In the summers between my college years, I visited employment agencies to find temporary work. I had solid typing, filing, spelling, and math skills, and if given a chance would be a reliable clerk.
The better agencies tested and interviewed the applicants. After all, any temp worker they sent out would be representing the agency. No computers were involved, and I tested and interviewed well.
One agency didn’t test me; it collected my application and said they’d be in touch. When I phoned to follow up, they offered me a job involving manual outdoor labor. I declined it. I am an indoor person – and without the muscle or stamina to perform hard physical labor. I preferred an office job. They said office jobs were reserved for female applicants. I said they should have told me that when I applied.
That agency stank (unless you’re female or muscular).
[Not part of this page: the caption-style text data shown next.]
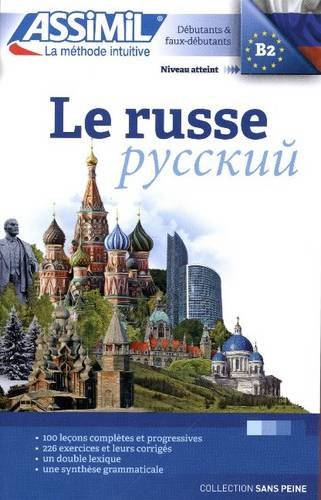 Le Russe sans Peine [ Russian for French Speakers ] Book (Russian Edition)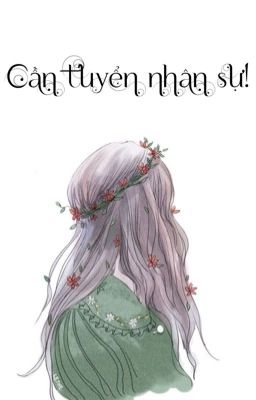 [ Tuyển mem gấp ] Cần nhân viên 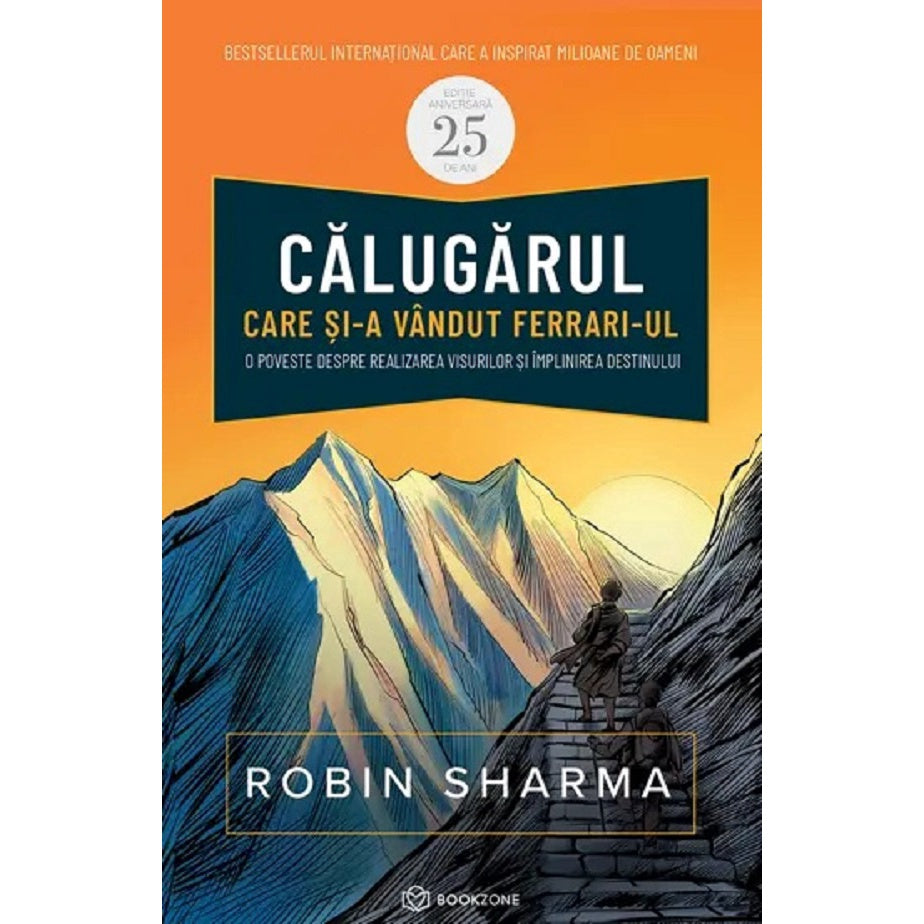 Calugarul Care Si-a Vandut Ferrari-ul - Robin Sharma 9786303053653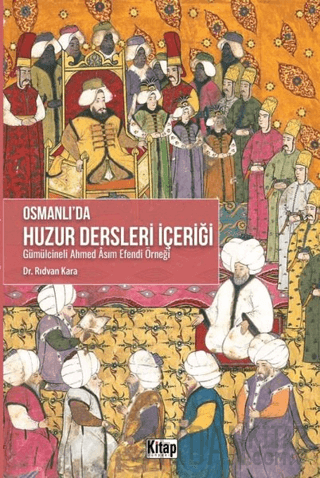 Osmanlı'da Huzur Dersleri İçeriği - Gümülcineli Ahmed Asım Efendi Örne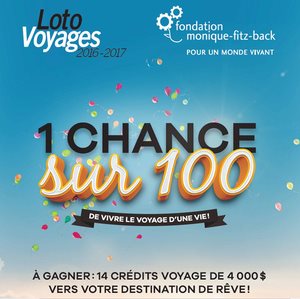 Fondation Monique Fitz-back loto-voyages 2016-2017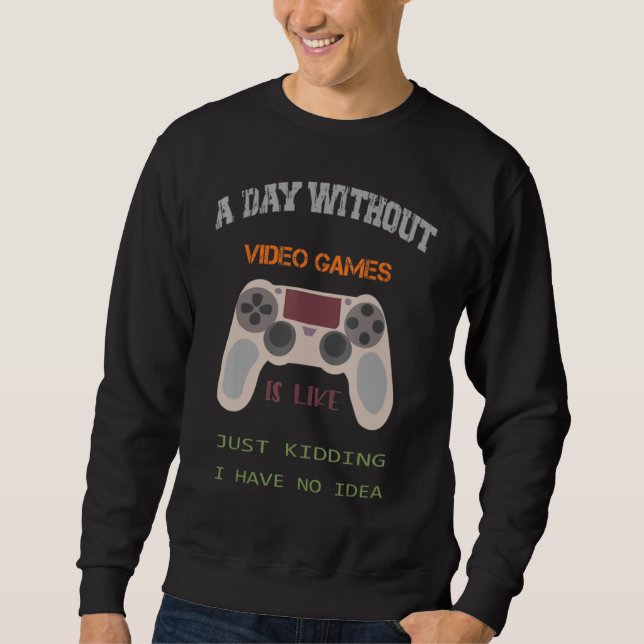 Moletom Um Dia Sem Videos games É Como Brincar. (Frente)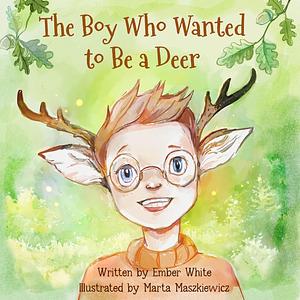 The Boy Who Wanted to Be a Deer by Ember White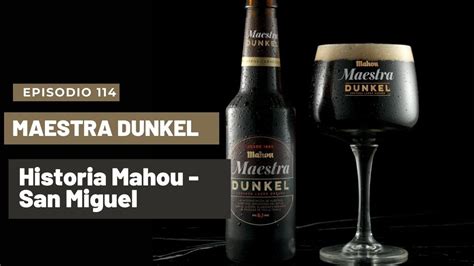 Cerveza MAHOU MAESTRA Dunkel Cata 114 YouTube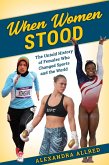 When Women Stood (eBook, ePUB) When Women Stood (eBook, ePUB)
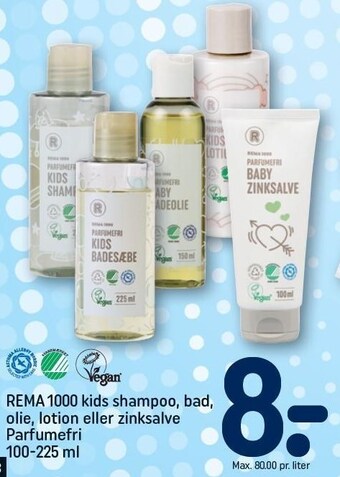 REMA 1000 Rema 1000 kids, shampoo, bad, olie, lotion eller zinksalve tilbud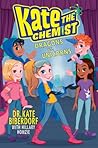 Dragons vs. Unicorns (Kate the Chemist #1)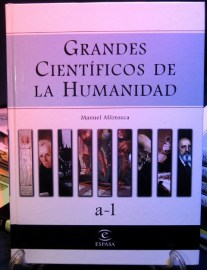 GRANDES CIENTIFICOS DE LA HUMANIDAD A-L ESPASA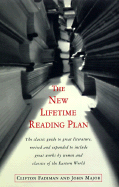 The new lifetime reading plan - Fadiman, Clifton, and Major, John S.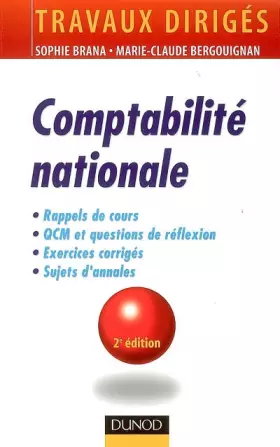 Couverture du produit · Comptabilité nationale : Rappels de cours, Questions de réflexion, Exercices d'entraînement, Annales corrigées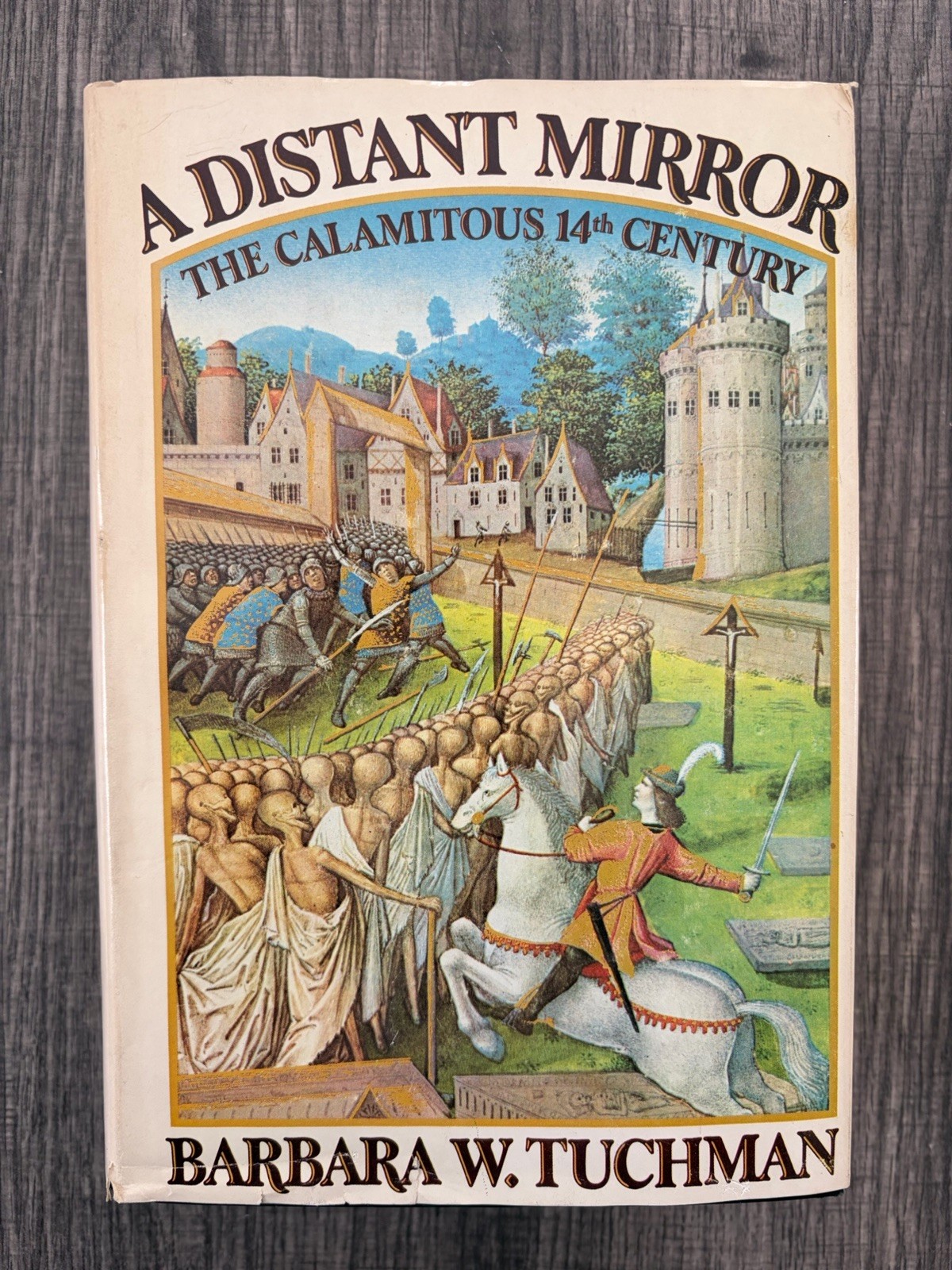 A Distant Mirror – Barbara W. Tuchman First Edition First Printing HCDJ VTG 1978
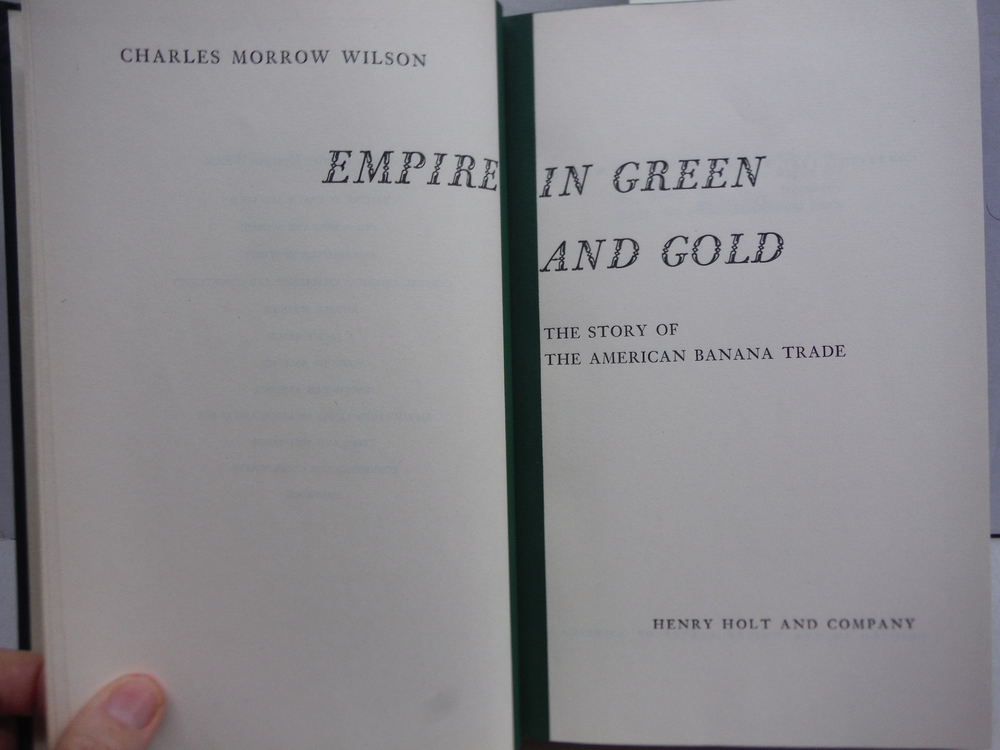 Image 1 of EMPIRE IN GREEN AND GOLD The Story of the American Banana Trade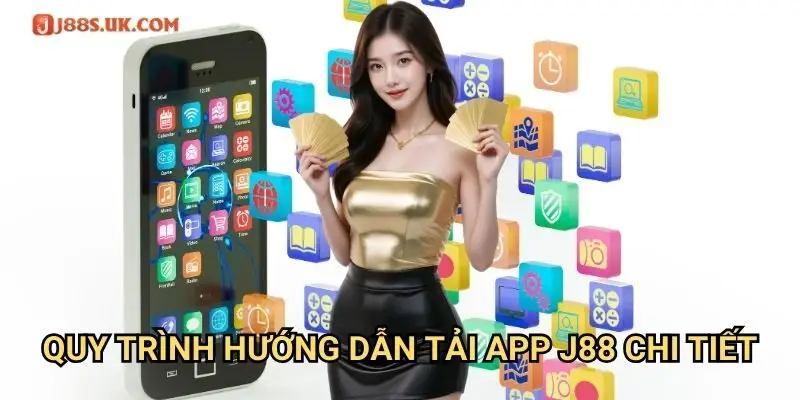 Quy Trình Hướng Dẫn Tải App J88 Chi Tiết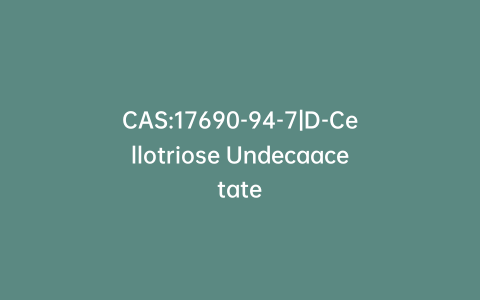 CAS:17690-94-7|D-Cellotriose Undecaacetate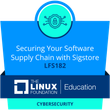 LFS182: Securing Your Software Supply Chain with Sigstore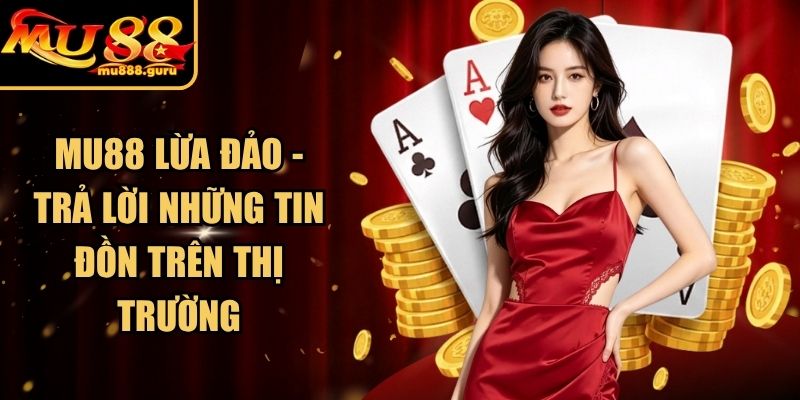 MU88 Lừa Đảo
But most were great.
One agency, bless their heart, found me a two-day job within walking distance of home, making photocopies in a law office. It was great to work so close to home, since back then I got around by public bus.
One summer I took a bus and then two transfers each day to reach a financial company’s headquarters where I typed up satisfactions of mortgage.
After college, I stayed away from temp agencies. Until we moved to New Hampshire. By now it was 2010 or 2011, roughly 30 years after my first success with temp agencies. I knocked on the doors of both temp agencies in our town.
The first agency gave me a test that ignored job skills. Its test, administered by computer, asked personal questions, with the answers in multiple-choice format.
They were trying to gauge the character or sobriety of the applicants. If they had interviewed me person-to-person, they would have been sold on my character.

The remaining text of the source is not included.